Hurricane Vs Cyclone Vs Typhoon

What is the difference between a hurricane, a cyclone, and a typhoon?

The only difference between a hurricane, a cyclone, and a typhoon is the location where the storm occurs.
The hurricanes, cyclones, and typhoons are all the same weather phenomenon. Scientists just call these storms different things depending on where they occur.

In the Atlantic and northern Pacific, the storms are called "hurricanes," after the Caribbean god of evil, named Hurrican.

In the northwestern Pacific, the same powerful storms are called "typhoons."

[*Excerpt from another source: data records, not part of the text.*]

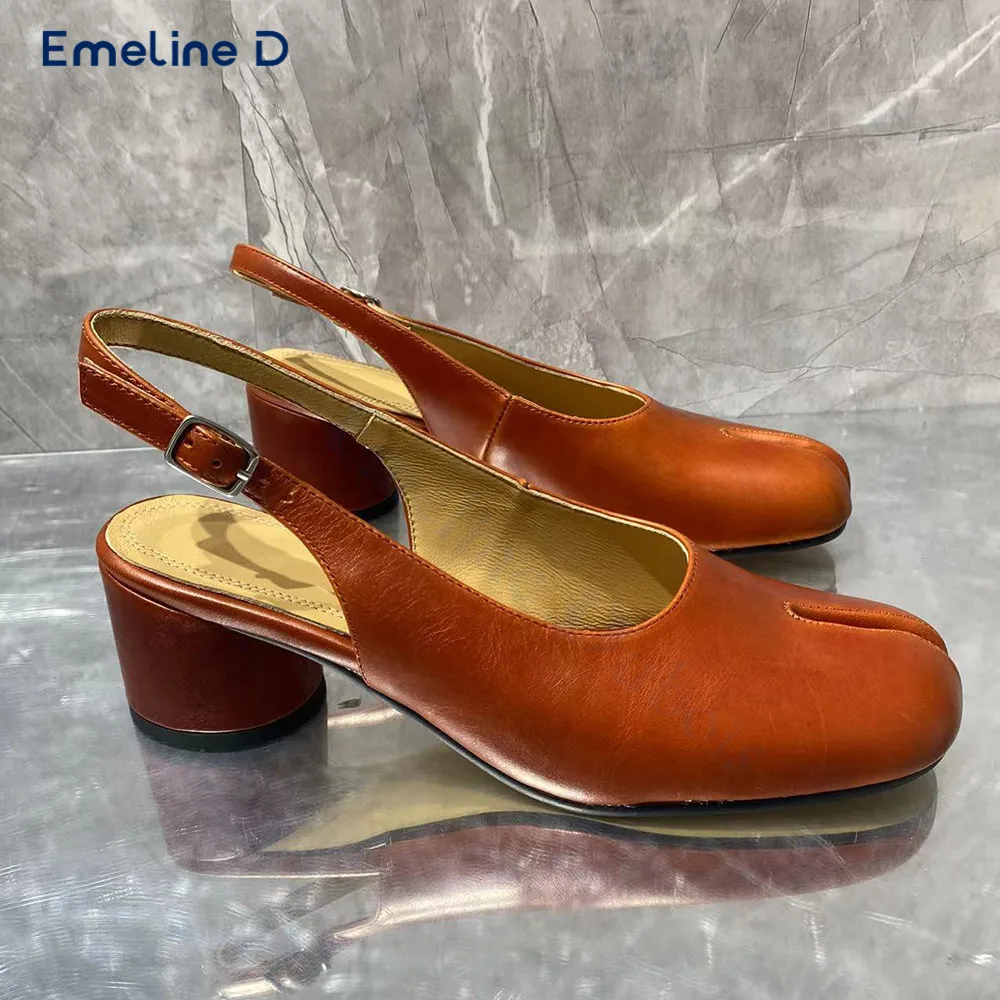 Коричневые туфли без шнуровки таби однотонная кожаная повседневная обувь на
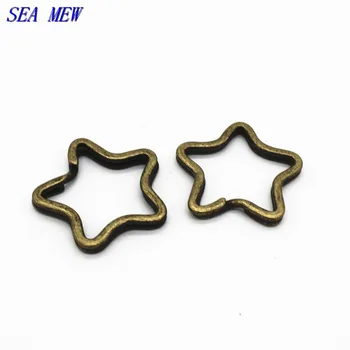 

SEA MEW 35*34MM Antique Bronze/Rhodium Color Star Shape Key Rings ,Metal Zinc Alloy Key Ring For Jewelry Making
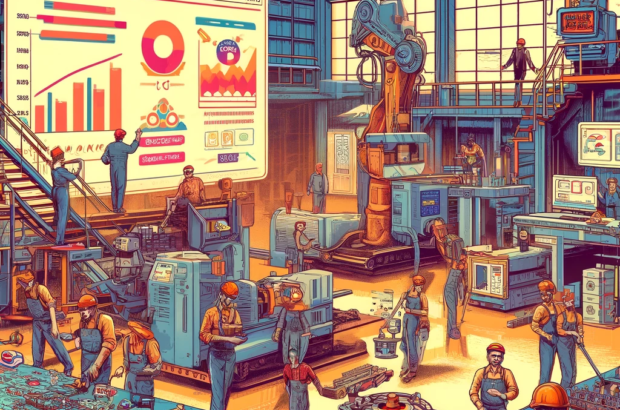 DALL·E 2024-06-06 16.27.26 - A 1980s industrial-style illustration showing the involvement of labor in Indian smart manufacturing. The scene features a medium-scale factory with w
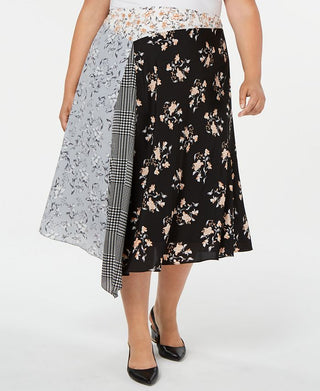 Calvin Klein Women's Plus Asymmetric Printed Midi Skirt Black Size 20W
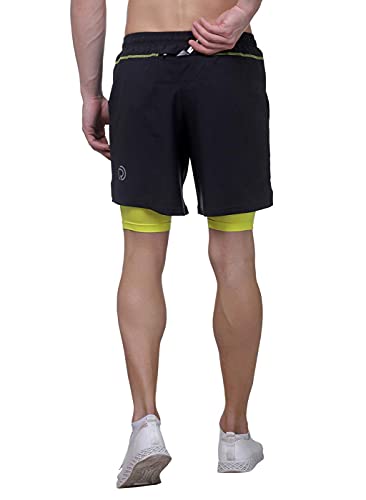 Image of TRUEREVO - 2 in 1 Running Sports Shorts for Men with Mobile Phone Pocket - Quick Dry & Lightweight Moisture-Wicking Active Wear, Gym Shorts for Men Workout - Double Layer Half Pant with Inner Tights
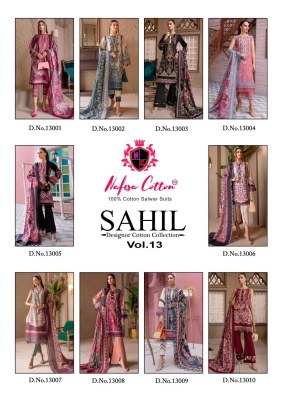 Nafisha cotton present sahil designer cotton collection vol 13 pure cotton unstitched dress material at wholesale price salwar kameez catalogs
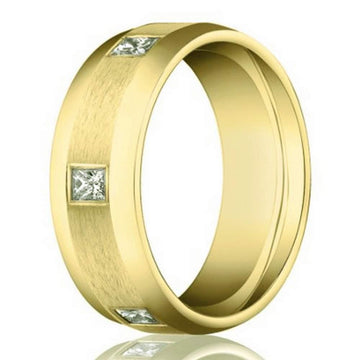 6mm Diamond Eternity Wedding Band for Men in 14k Yellow Gold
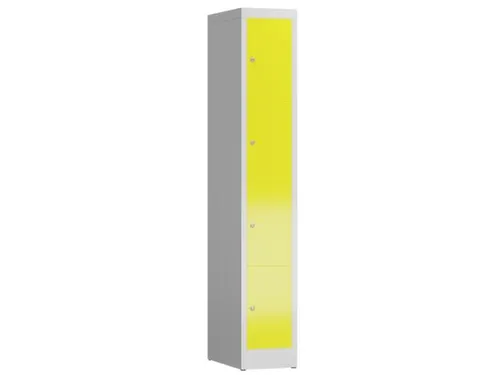 Lockerkast 1800x310x500mm 1x4 vakken cilinderslot, sokkel, RAL1018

In the southeastern Indian Ocean and southwestern Pacific, they are called "severe tropical cyclones."

In the northern Indian Ocean, they’re called "severe cyclonic storms."

In the southwestern Indian Ocean, they’re just "tropical cyclones."

To be classified as a hurricane, typhoon, or cyclone, a storm must reach wind speeds of at least 74 miles per hour (119 kilometers per hour).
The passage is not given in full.